Ovaltine

image of Twitter feed

Catching up on my Twitter feed this morning. Ran across a Tweet from science writer Pamela Gay describing the exploration of the asteroid Vesta by the Dawn probe. “Vesta melted, formed iron core, may have an Ovaltine crust.” Wait, what?

Oh. Olivine, not Ovaltine. Okay, then.

curiosity

Hey, we landed another robot on Mars!

image of curiosity lander on Mars

On the screen in the left background there are a couple of images sent back from the robot just minutes after it touched down. The image on the left is the robot’s shadow on the ground.

Too tired to come up with more than that. Off to bed now. Alarm goes bleep bleep bleep in five hours.

voice

This is your “I’m too tired to write drivel, believe it or not” video.

You may not have seen this film in science class, but you know that voice.

flames

The whole world is on fire!

In a time-lapse video shot from the windows of the International Space Station, your home planet burns so brightly it’s hard not to wonder how anything can be alive down there. Cities are ablaze, lightning flares through the cloud tops, and the atmosphere itself swirls with the yellow-green flames of atoms charged by solar flares.

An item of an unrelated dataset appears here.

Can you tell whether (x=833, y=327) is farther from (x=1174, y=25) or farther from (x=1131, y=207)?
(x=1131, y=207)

Earth | Time Lapse View from Space, Fly Over | NASA, ISS from Michael König on Vimeo.

glow

image of space shuttle Atlantis' re-entryI know our problems down here on earth are so very huge that it seems nobody has the enthusiasm left over to care about what’s going on it orbit or on the moon or even on Mars, but take a gander for just a moment, won’t you, at this awesome freaking photograph. (If you click on it, you’ll get a mind-blowing 1.8 MB enlargement to peruse at length.) It was taken by one of the crew members aboard the International Space Station who was looking out the window when the space shuttle Atlantis streaked by underneath, heading for a landing at the Kennedy Space Center in Florida.

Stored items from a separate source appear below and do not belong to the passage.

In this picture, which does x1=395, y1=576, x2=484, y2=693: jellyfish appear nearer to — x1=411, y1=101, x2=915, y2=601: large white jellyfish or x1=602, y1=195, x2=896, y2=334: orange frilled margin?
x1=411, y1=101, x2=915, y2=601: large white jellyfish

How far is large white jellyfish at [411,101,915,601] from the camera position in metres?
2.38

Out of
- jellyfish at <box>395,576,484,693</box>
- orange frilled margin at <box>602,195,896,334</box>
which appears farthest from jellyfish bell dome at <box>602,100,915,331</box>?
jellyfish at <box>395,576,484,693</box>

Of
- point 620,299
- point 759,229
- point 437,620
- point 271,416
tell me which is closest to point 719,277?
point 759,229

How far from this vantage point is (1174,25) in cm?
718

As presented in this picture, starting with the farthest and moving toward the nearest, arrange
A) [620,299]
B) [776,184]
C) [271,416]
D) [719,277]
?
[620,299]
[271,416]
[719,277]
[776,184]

This is what photographers call a night shot. The face of the earth is in shadow, so the guy with the camera took a very long exposure, maybe ten seconds, maybe thirty or more, to get enough light to fall through his camera lens so he could record this moment.

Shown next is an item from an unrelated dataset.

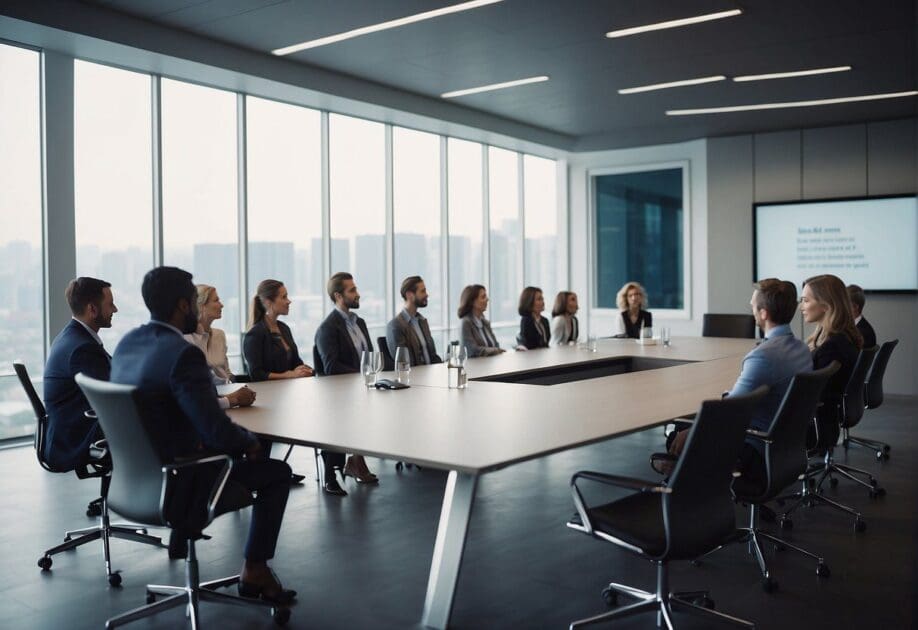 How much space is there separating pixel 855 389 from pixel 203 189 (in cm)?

The length of the exposure is the reason the earth looks a little blurry. The space station is hustling along at about twenty thousand miles per hour, so it moved far enough in ten seconds (or whatever) to make it impossible to get a clear shot of the cloudcover. But the long exposure made it possible to record Atlantis’ re-entry as a long, fiery streak which, now that I think of it, might have been there even if they had taken a shorter exposure. The streak is ionized gas, a visible trail of the enormous amount of energy the shuttle sheds by crashing into the atmosphere. It’s hitting the atmosphere so hard that the gasses that make up the air are not merely set on fire by the friction, their electrons have been excited to the point that they’re emitting visible radiation. This is the kind of fire that alien invaders will use to roast us like ants when they finally arrive to harvest the earth on their journey toward total galactic domination. Gunpowder and bullets are sticks and stones compared to setting the atmosphere on fire at the atomic level.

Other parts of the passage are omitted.